▶ Exercise
Go through the records and transcribe them exactly, passing over any picture.

▶ Extracted material
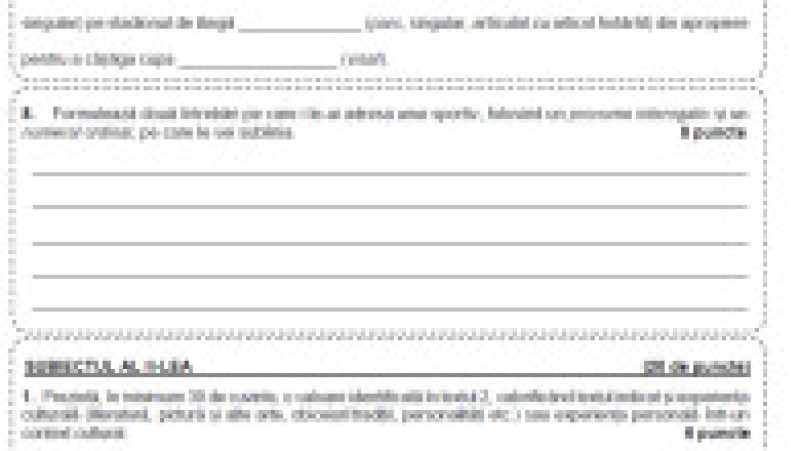 Subiecte limba și literatura română, minoritatea maghiară, pagina 7 | Poza 7 din 10
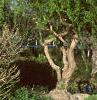 Juniperus chinensis 'Skybrook Gold', habit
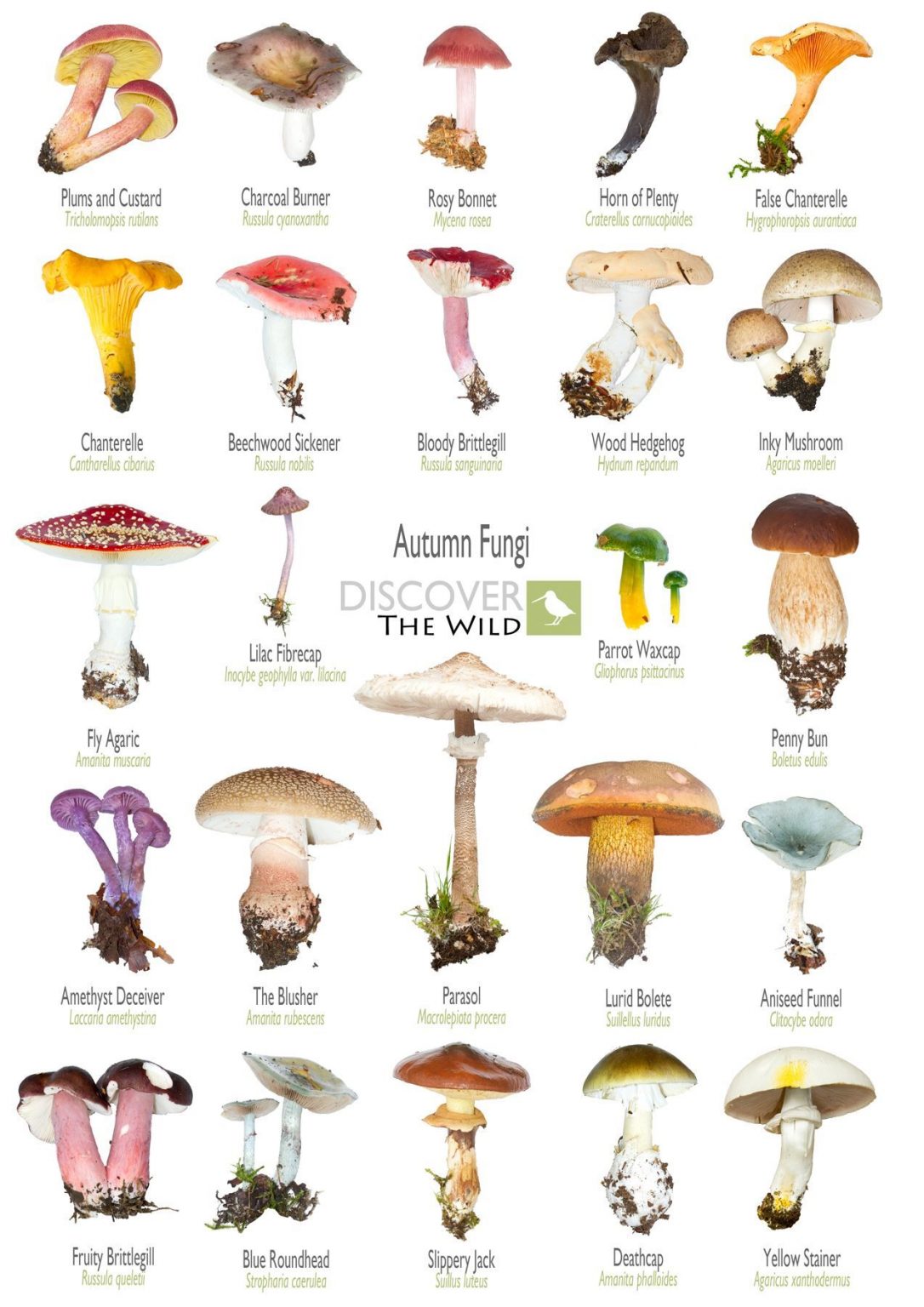 Mushroom Identification Guide Uk - Guide BizGuru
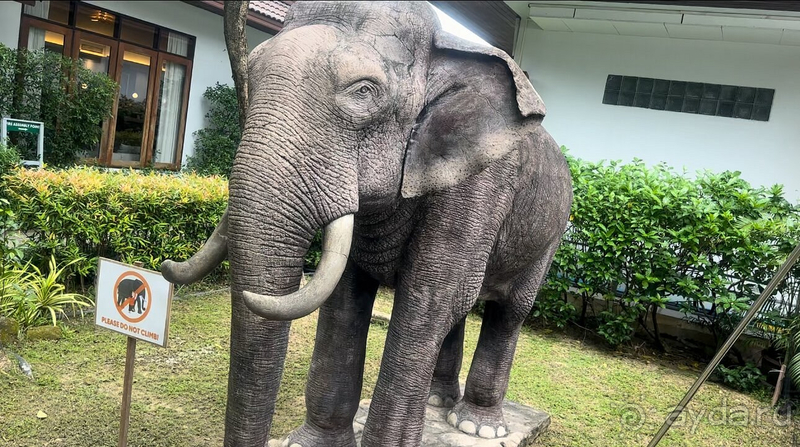 Отличный отдых и самые позитивные впечатления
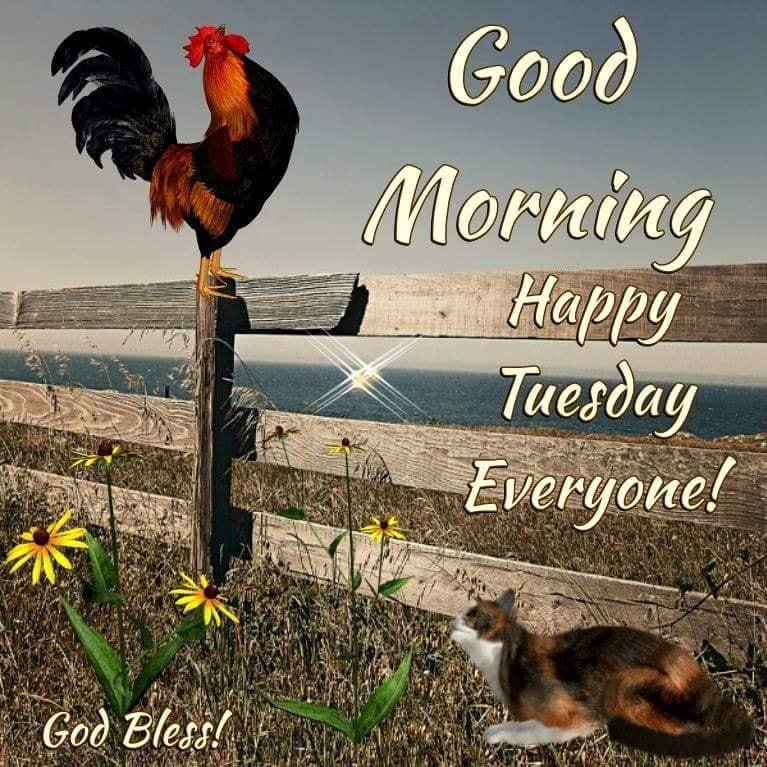 Happy Tuesday. Enjoy your day in spite of the cold weather.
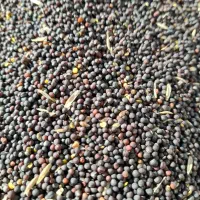 فروش بذر کولزا رقم هیولا|خدمات باغبانی و درختکاری|پارسآباد, |دیوار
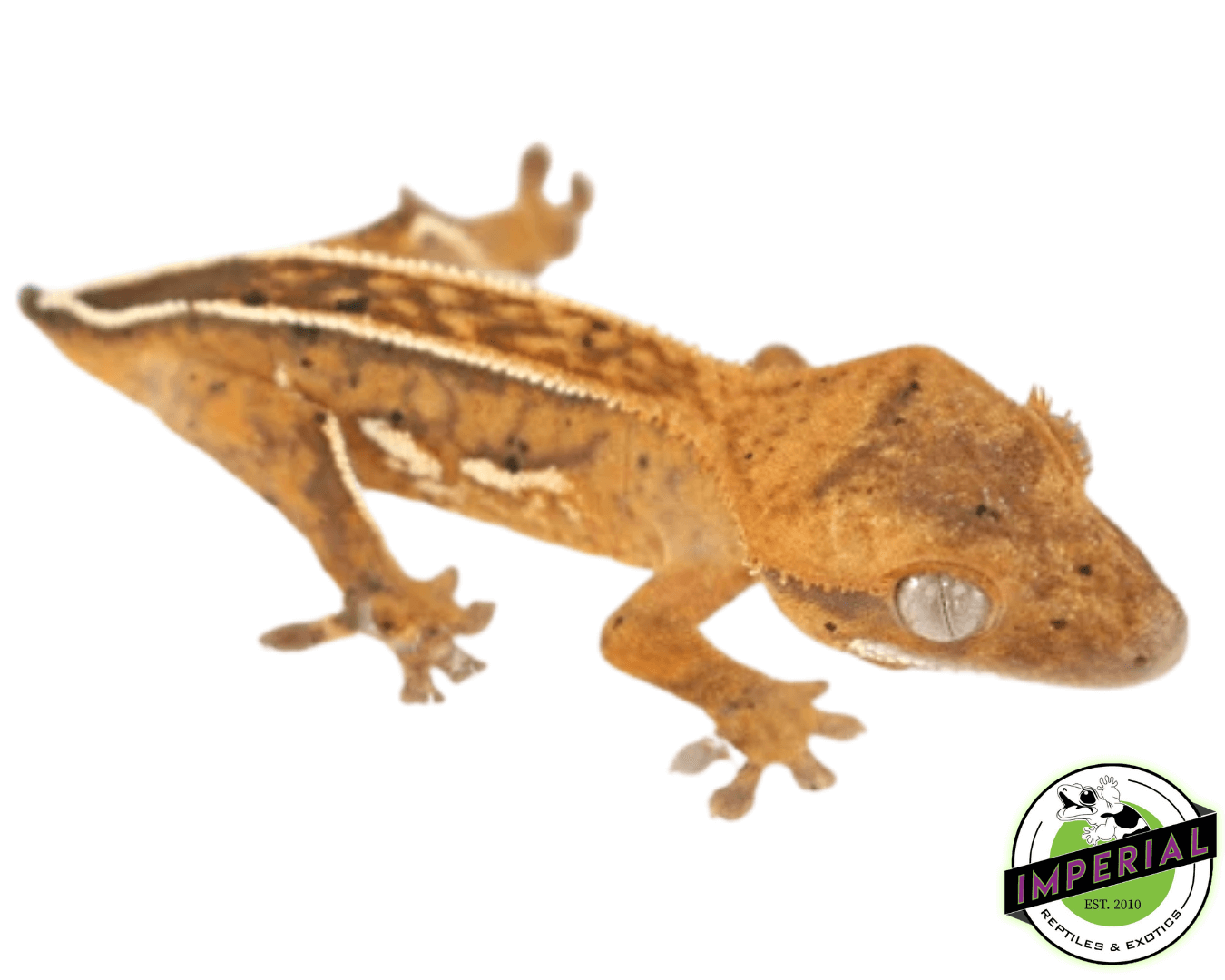 High End Crested Gecko Baby — image 3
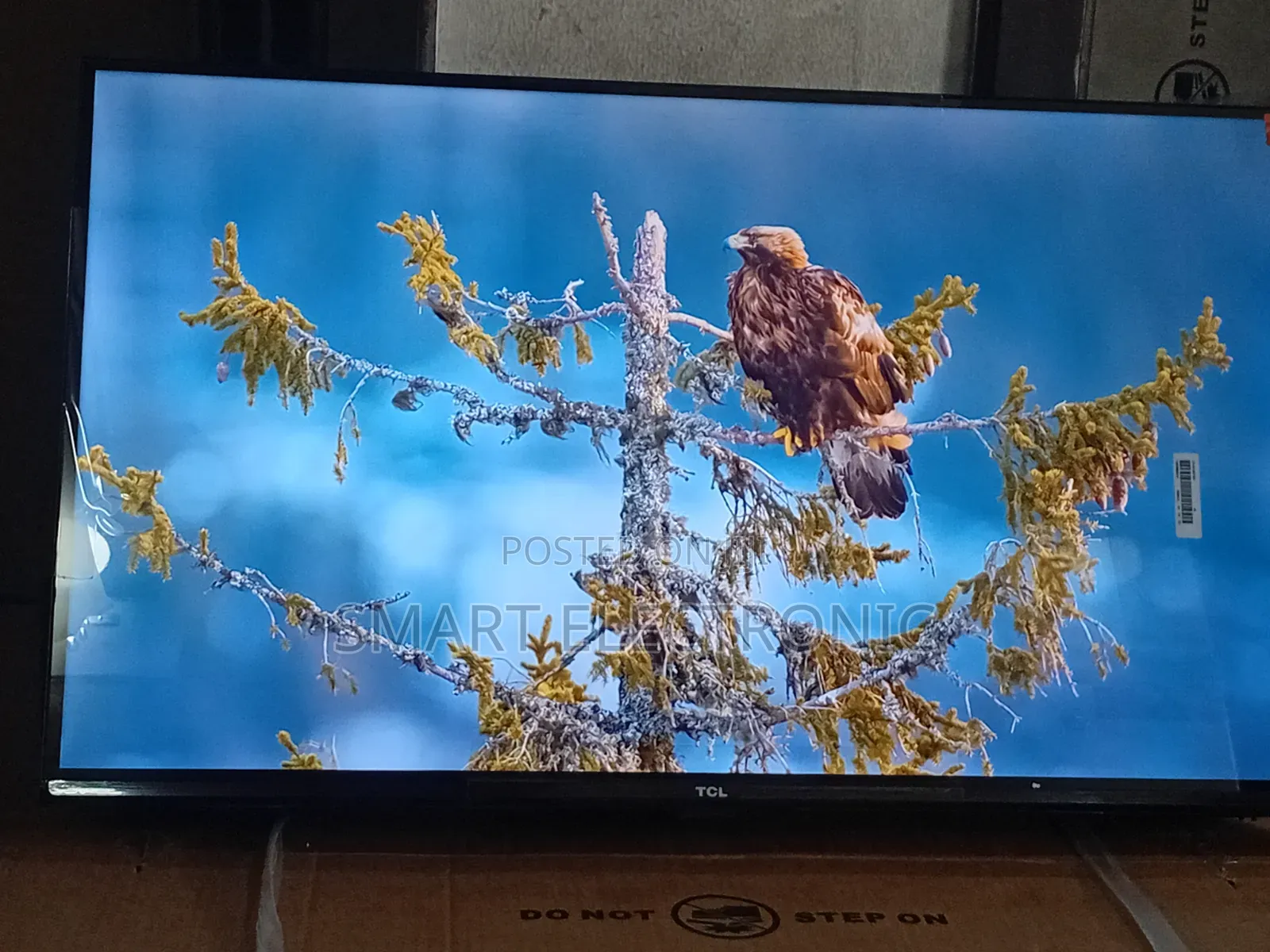 TCL 32 Inches Qled Tv – Compact Entertainment Powerhouse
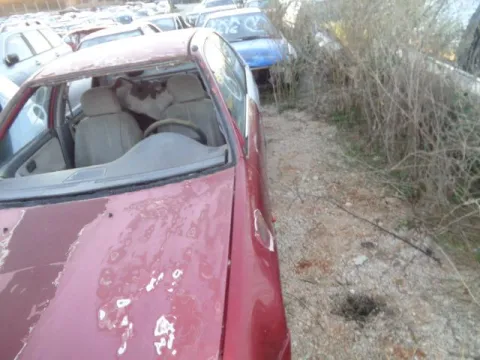 Τροπέτο Αμάξι κομπλέ ΧΩΡΙΣ ΜΗΧΑΝΗ  (D16Z2) ΚΑΙ ΣΑΣΜΑΝ  για HONDA CIVIC (1990 -1992) (EC - D - E - F) Sedan - 4dr 1600 D16Z2 Petrol 110 16 valve *ΔΒ* -  Τροπέτο Αμάξι κομπλέ ΧΩΡΙΣ ΜΗΧΑΝΗ  (D16Z2) ΚΑΙ ΣΑΣΜΑΝ  για HONDA CIVIC (1990 -1992) (EC - D - E - F) Sedan - 4dr 1600 D16Z2 Petrol 110 16 valve *ΔΒ* -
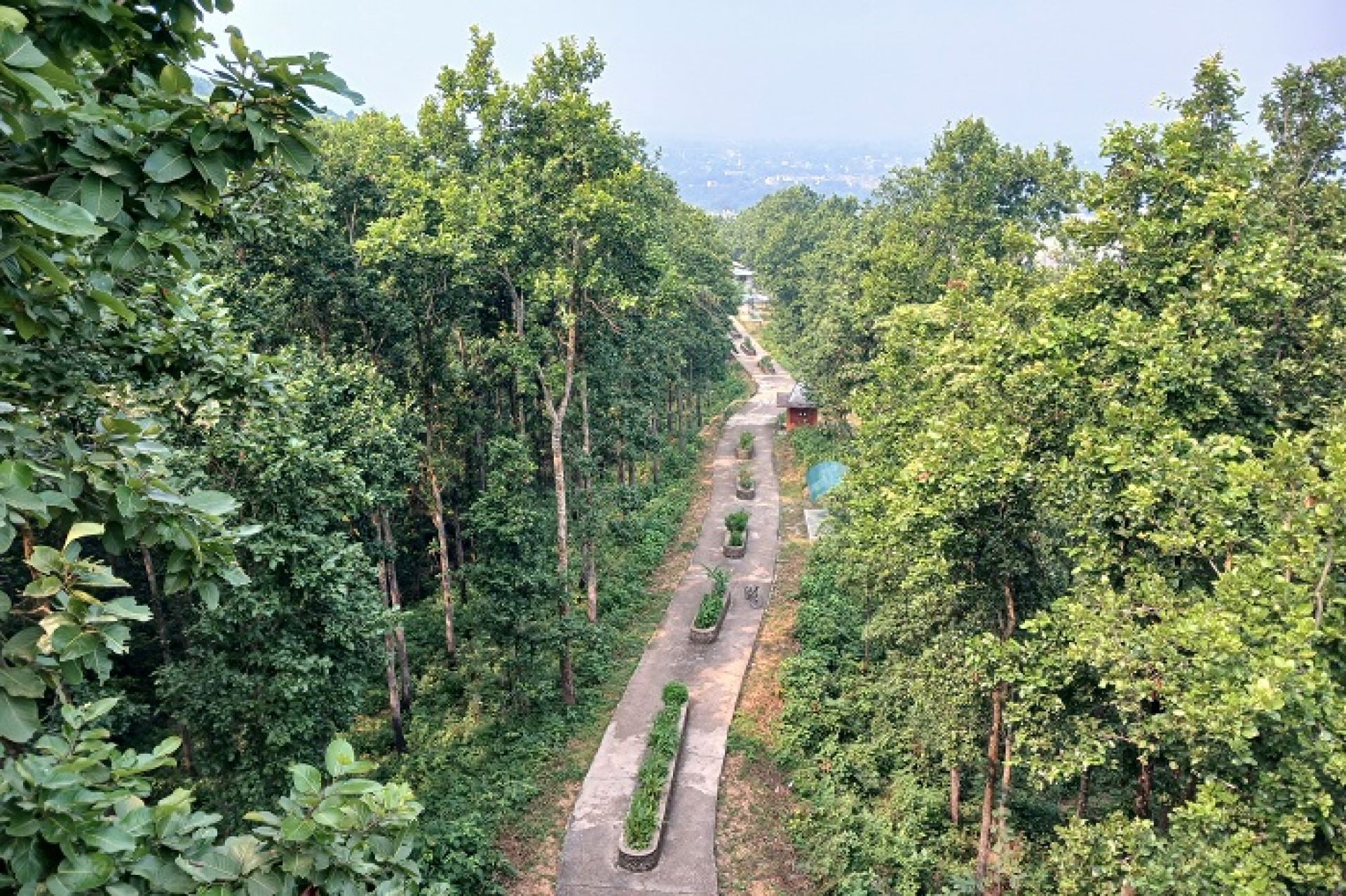 लौरेपालो गरेर हुर्काइएको ‘राम्चेवन’ पर्यटकीय गन्तव्य बन्दै, यस्ता छन् नयाँ योजना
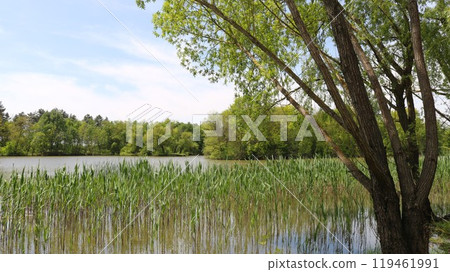 a lake overgrown with reeds and sedge, symbolizing environmental problems, a view of a body of standing water overgrown with vegetation, in a natural park 119461991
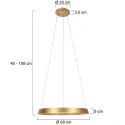 Steinhauer Pendelarmatuur RINGLUX IP20, goud dimbaar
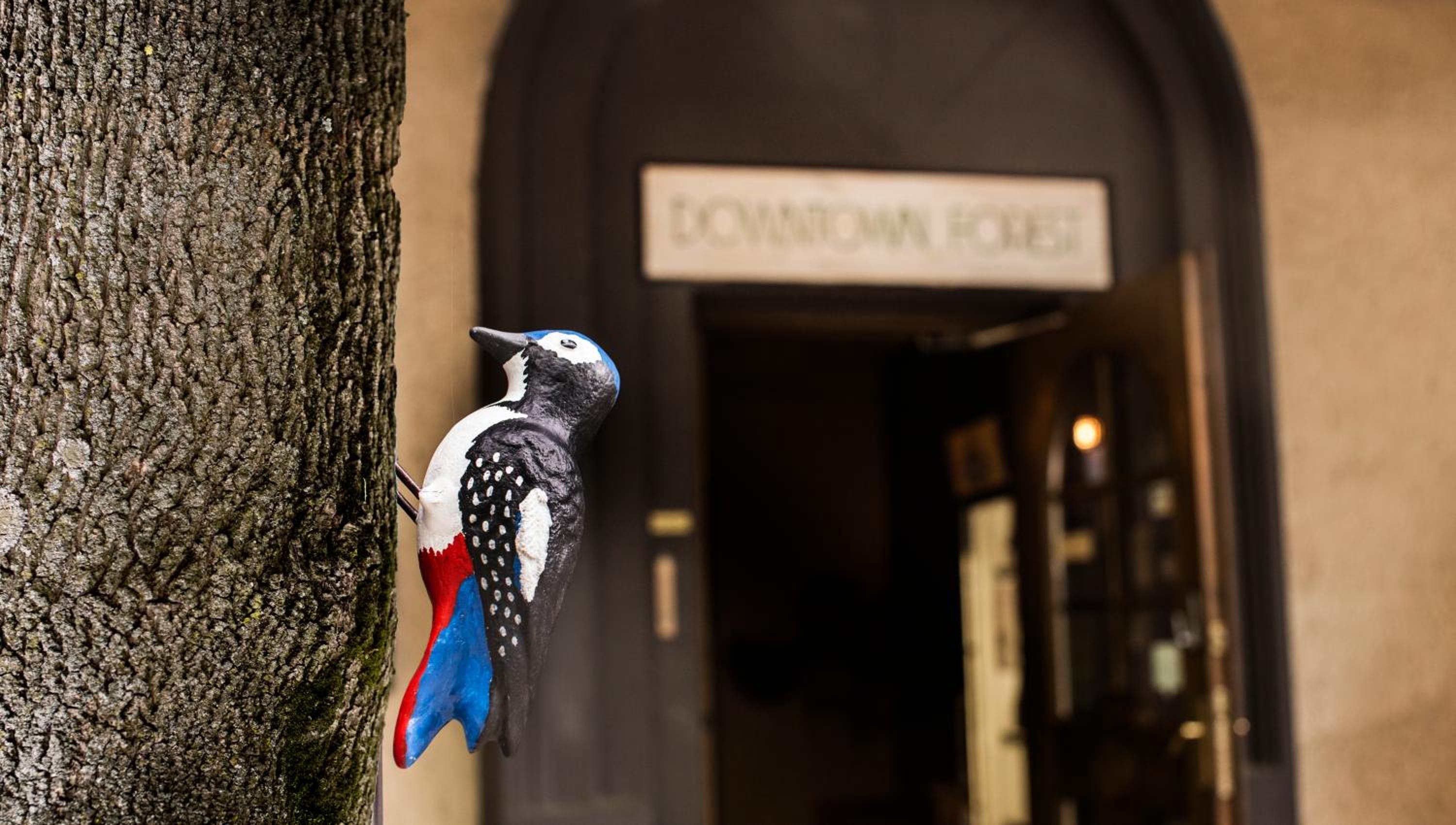 Downtown Forest Hostel & Camping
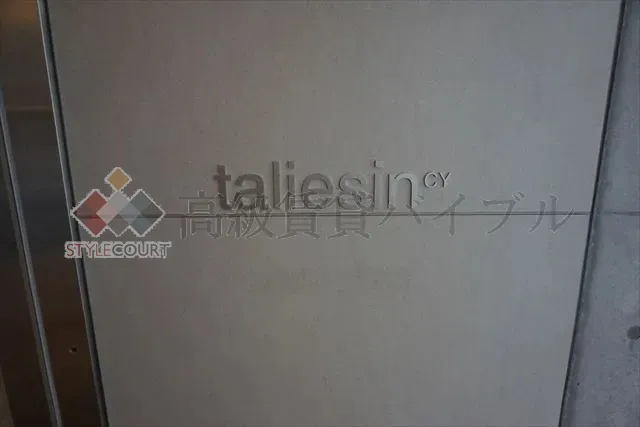 タリアセンシーワイ (taliesin CY) の画像4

▶ Exercise result
 Subiecte limba și literatura română, minoritatea maghiară, pagina 7 | Poza 7 din 10
 Juniperus chinensis 'Skybrook Gold', habit
 Mushroom Identification Guide Uk - Guide BizGuru
 Отличный отдых и самые позитивные впечатления
 Happy Tuesday. Enjoy your day in spite of the cold weather.
 فروش بذر کولزا رقم هیولا|خدمات باغبانی و درختکاری|پارسآباد, |دیوار
 High End Crested Gecko Baby — image 3
 TCL 32 Inches Qled Tv – Compact Entertainment Powerhouse
 Τροπέτο Αμάξι κομπλέ ΧΩΡΙΣ ΜΗΧΑΝΗ  (D16Z2) ΚΑΙ ΣΑΣΜΑΝ  για HONDA CIVIC (1990 -1992) (EC - D - E - F) Sedan - 4dr 1600 D16Z2 Petrol 110 16 valve *ΔΒ* -  Τροπέτο Αμάξι κομπλέ ΧΩΡΙΣ ΜΗΧΑΝΗ  (D16Z2) ΚΑΙ ΣΑΣΜΑΝ  για HONDA CIVIC (1990 -1992) (EC - D - E - F) Sedan - 4dr 1600 D16Z2 Petrol 110 16 valve *ΔΒ* -
 लौरेपालो गरेर हुर्काइएको ‘राम्चेवन’ पर्यटकीय गन्तव्य बन्दै, यस्ता छन् नयाँ योजना
 a lake overgrown with reeds and sedge, symbolizing environmental problems, a view of a body of standing water overgrown with vegetation, in a natural park 119461991
 Steinhauer Pendelarmatuur RINGLUX IP20, goud dimbaar
 Downtown Forest Hostel & Camping
 タリアセンシーワイ (taliesin CY) の画像4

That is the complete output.